* [Required action] Please find every line in the records below that contains the word "with", and copy it.

* [Supplied material]
○ ○ ○ ○
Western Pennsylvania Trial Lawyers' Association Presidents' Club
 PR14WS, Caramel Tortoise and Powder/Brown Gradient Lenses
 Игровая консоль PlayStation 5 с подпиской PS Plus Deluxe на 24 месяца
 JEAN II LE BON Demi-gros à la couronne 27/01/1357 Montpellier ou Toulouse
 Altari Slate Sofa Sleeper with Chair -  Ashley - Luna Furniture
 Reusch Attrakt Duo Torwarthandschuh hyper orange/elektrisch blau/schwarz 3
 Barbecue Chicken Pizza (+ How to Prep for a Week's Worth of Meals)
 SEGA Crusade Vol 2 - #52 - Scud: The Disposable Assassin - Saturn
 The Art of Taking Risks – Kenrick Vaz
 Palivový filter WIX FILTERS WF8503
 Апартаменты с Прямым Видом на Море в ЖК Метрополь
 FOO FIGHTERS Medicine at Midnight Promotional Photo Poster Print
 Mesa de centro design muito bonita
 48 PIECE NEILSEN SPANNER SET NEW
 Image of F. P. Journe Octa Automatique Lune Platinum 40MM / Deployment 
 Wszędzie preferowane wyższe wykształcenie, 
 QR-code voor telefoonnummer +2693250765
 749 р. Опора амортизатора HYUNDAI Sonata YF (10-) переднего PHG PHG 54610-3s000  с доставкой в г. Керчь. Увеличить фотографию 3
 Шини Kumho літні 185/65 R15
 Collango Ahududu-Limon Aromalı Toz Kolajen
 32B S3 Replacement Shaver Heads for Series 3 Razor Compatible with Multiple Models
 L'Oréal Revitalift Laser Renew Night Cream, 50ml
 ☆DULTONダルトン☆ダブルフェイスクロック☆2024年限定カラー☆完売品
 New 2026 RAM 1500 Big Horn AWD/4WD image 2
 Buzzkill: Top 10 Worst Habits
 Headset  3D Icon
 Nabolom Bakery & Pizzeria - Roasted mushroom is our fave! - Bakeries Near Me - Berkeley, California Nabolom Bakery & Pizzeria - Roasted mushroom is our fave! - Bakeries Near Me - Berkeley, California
○ ○ ○ ○
* [Answer to this exercise]
 Altari Slate Sofa Sleeper with Chair -  Ashley - Luna Furniture
 32B S3 Replacement Shaver Heads for Series 3 Razor Compatible with Multiple Models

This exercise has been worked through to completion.